Rocking A Slice of Pie

The Erie County Fair is a week away. Amy and I regularly enter the fine arts and craft competitions. Every year we paint rocks, and every year it seems I end up doing something food-related. I'm like the Weird Al of rock painting, I guess. Last year it was a baked potato with sour cream and chives. This year it's a lattice-crust cherry pie. And I'm writing this at lunch time, and now I'm hungry.

Tuesday, July 8, 2014

Extreme Closeup: Sunflower Farm

Better photo to come, but this was a cell phone closeup of "Sunflower Farm" immediately after finishing color #10.
 Sorry about the orientation: grampaw isn't so good with his technology. As I said, better pictures are forthcoming.

As you may know, I traditionally enter a print in the Fine Arts competition at the Erie County Fair. As I prepared to start this print, I found myself in the muck of procrastination. "You need to get going on a print," my wife chided. "You need to give yourself time to do it over."

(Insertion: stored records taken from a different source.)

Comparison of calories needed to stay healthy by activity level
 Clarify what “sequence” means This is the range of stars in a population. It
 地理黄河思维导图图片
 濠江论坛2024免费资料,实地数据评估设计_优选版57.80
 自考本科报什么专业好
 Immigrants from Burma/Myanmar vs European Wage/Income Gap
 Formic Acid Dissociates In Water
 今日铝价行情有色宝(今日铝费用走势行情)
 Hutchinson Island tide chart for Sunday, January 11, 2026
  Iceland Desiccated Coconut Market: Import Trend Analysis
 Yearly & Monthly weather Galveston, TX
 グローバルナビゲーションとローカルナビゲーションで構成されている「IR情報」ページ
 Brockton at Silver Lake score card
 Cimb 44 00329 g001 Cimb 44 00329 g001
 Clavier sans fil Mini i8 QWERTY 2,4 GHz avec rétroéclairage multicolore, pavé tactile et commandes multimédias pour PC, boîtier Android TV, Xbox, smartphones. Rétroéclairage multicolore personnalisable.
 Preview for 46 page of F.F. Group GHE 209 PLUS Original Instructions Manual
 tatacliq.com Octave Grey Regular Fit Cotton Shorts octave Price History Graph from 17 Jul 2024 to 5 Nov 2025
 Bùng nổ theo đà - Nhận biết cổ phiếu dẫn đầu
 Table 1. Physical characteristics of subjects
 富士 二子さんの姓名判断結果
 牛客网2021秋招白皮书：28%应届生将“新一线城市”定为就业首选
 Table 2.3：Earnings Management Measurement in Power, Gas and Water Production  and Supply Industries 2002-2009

The joke is, of course, that I have a tendency to do a print a few times before it's right. And while I nailed this baby right out of the gate, allow me to take you back almost exactly one year, to the summer of 2013, when I was working on a little something I called "Sunflower Farm..."

This attempt was donated to the Chaffee Landfill, if anyone wants to go digging for it.


Monday, July 7, 2014

Alert Cat Press

"Solstice" is a six-color reduction woodcut I completed just before the July 4 holiday. Ticey, as we call her, picked me when we visited the Ten Lives Club back in March 2007. We had lost our Kalie after almost 12 years, and we were feeling broken-hearted, and the house seemed far too empty. We decided to stop by the shelter, just to see what was there.
Of course, we fell in love with all of them (and wow, there were lots). But Ticey fell in love with me, and followed me around, and wouldn't leave me alone. She was a scrawny little stray from Kentucky with a remarkable case of gingivitis which robbed her of all but one very sharp tooth (she lisps when she meows...no, that's not true; however, I do a lispy Ticey voice when I speak for her. Because that's how pet people are.) After all these years (7 already?!) she's still my buddy.

Monday, June 30, 2014

A New Leaf

Not quite ready for the big reveal, "Sunflower Farm" one color away from completion. It clocks in at 11 colors, and I used two blocks. When the ink is dry and the dust settles, I will give a rundown of the process. However, they're looking so good drying on the line that I had to show them off. 

The post is called a new leaf, because 2014 has been an incredible period of growth for me. I began the year by enrolling in school and taking a drawing class which simply changed by whole approach to everything. When I finally forced myself back to the studio with the "DeSoto" print I found that I had improved markedly from the stop & go torture sessions that marked last summer's studio time.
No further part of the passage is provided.